One of the most common areas of fatigue problems is at the root of a blade. Here’s what happens as a blade rotates and all you have to do is examine two locations.... When a blade going in a clockwise direction is at say the 9 o’clock position, gravity is acting down and the moment that is being applied at the root of a blade is in a counter clockwise direction due to the weight of the blade. Now rotate the blade 180 degrees so that it’s at the 3 o’clock position. At this location, gravity is still of course acting down but this time the moment due to the blade weight that is being applied at the root is in a clockwise direction. So... what happens at the root of a blade is that the stresses that are due just to the gravity portion of the loading have to alternate. A typical IWT has a rotation speed of approximately 16 times a minute. This then means that the cyclical load just due to gravity on a blade occurs that frequently.
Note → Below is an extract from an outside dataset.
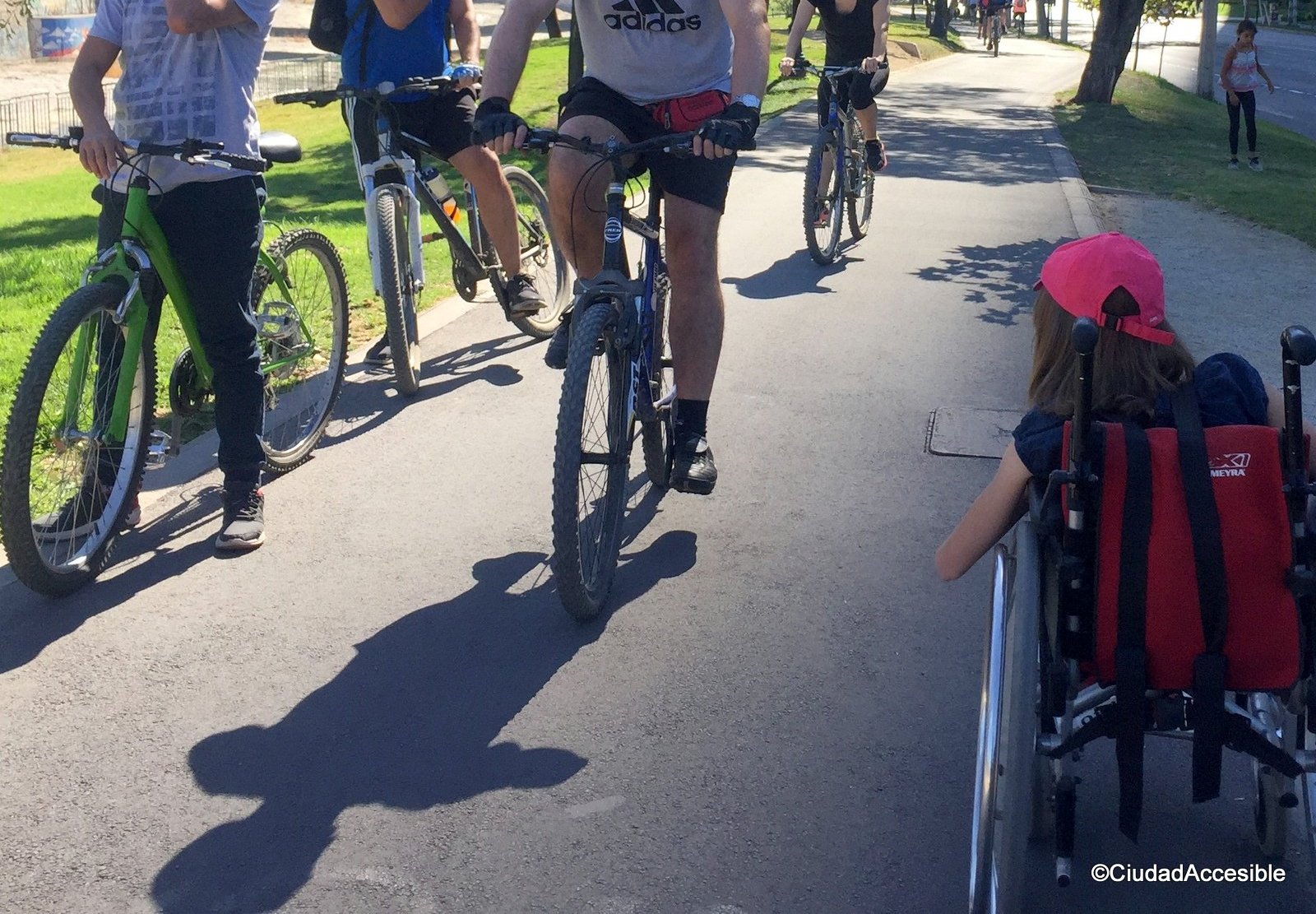 joven en silla de ruedas enfrenta varios ciclistas en sentido contrario sobre la ruta 42K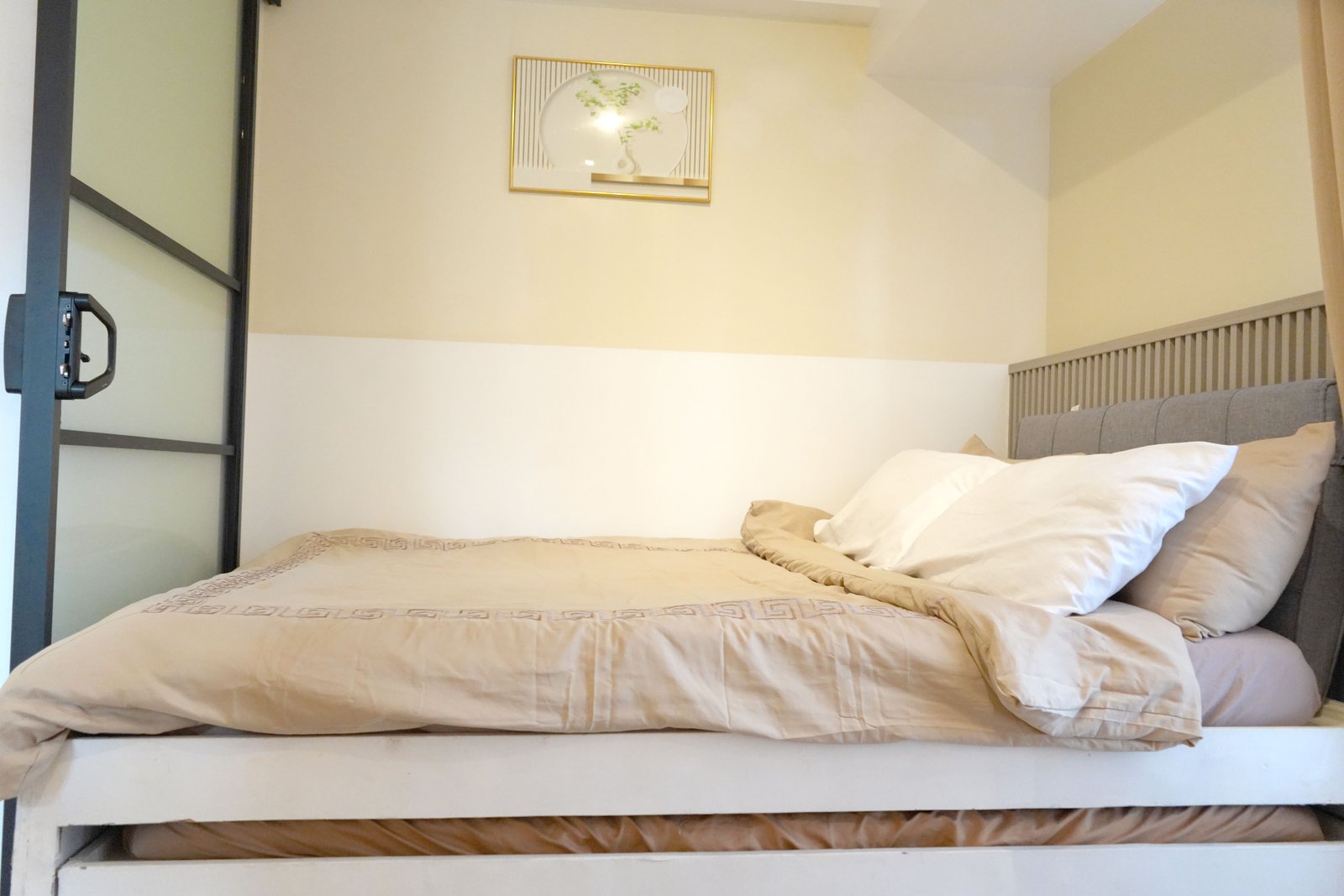 Room - Apartment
And this is just one (and the simplest) of the cyclical forces acting on the blades and is just looking at two locations. If you look at the 12 o’clock and the 6 o’clock positions for the blades, you have something very similar.... the stresses at the root due to the weight of the blade are very different because of the rotational location and this changes with every revolution.

https://www.osti.gov/biblio/12694

https://www.researchgate.net/publication/314755353_FATIGUE_ANALYSIS_OF_WIND_TURBINE_BLADES

[Fai Mao]

Yeah, plus the rebound, wind pressure, uneven tightening on the attachment bolt, the foundation being a tiny bit off level causing the blades to stress the spindle unevenly, small anomalies or defects in the carbon weave, tiny air bubbles in the resin or slightly uneven thickness of the resin can all cause stress fractures. And those things do not even take into account a defective design or square/sharp edges.

I don’t know much about windmill blades but I know some of the engineering that goes into bicycle frames and preventing stress fractures are a huge issue in the design and build process. I am assuming the issues are similar, just on a different scale.